Stata: Data Analysis and Statistical Software

Notice: On April 23, 2014, Statalist moved from an email list to a forum, based at statalist.org.
[Date Prev][Date Next][Thread Prev][Thread Next][Date Index][Thread Index]
st: RE: xtivreg2, clustered errors and F statistic

From	"Schaffer, Mark E" <[email protected]>
To	<[email protected]>
Subject	st: RE: xtivreg2, clustered errors and F statistic
Date	Wed, 12 Oct 2011 00:37:29 +0100
Anna,

> -----Original Message-----
> From: [email protected] 
> [mailto:[email protected]] On Behalf Of Anna Rosso
> Sent: 11 October 2011 23:09
> To: [email protected]
> Subject: st: xtivreg2, clustered errors and F statistic
> 
> Dear list,
> 
> I am using Stata/MP 11.2 for Unix (Linux 64-bit x86-64) Born 
> 30 Mar 2011
> 
> I am running IV regressions using xtivreg2 (latest updated 
> version) on a panel of 16 regions and 11 years.
> 
> I estimate using regional fixed effects. My specification 
> includes among the RHS variables year dummies, 6 continuous 
> control variables, and the endogenous regressor of interest.
> I use 90  IVs to instrument my endogenous regressor, and I 
> cluster standard errors at the regional level.

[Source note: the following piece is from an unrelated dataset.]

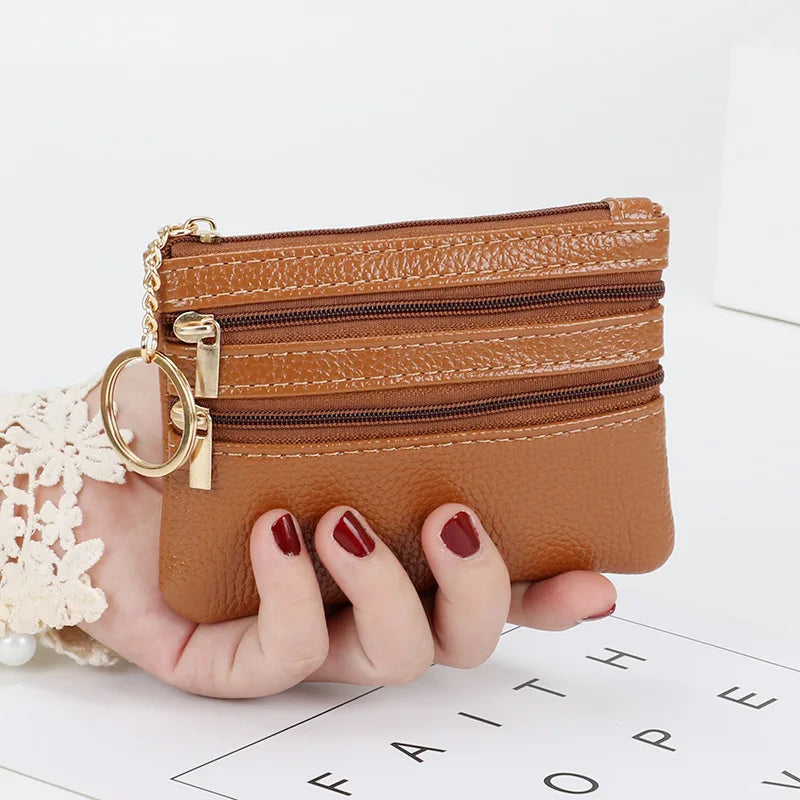 Cyflymder Fashion Women Wallet Clutch Three Zip Female Short Small Coin Purse New Brand Design Soft Mini Card Holder Wallet Money Bag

Here are the counts from your estimation without controls:

Number of clusters             N_clust  =         16
Number of observations               N  =        176
Number of regressors                 K  =         11
Number of endogenous regressors      K1 =          1
Number of instruments                L  =        100
Number of excluded instruments       L1 =          0

Things are going very badly wrong, and you may in fact have found a bug
in xtivreg2 or ivreg2 - you somehow have 1 endogenous regressor but no
excluded instruments!  Please send me privately your full output of this
specification and I will try to trace what happened.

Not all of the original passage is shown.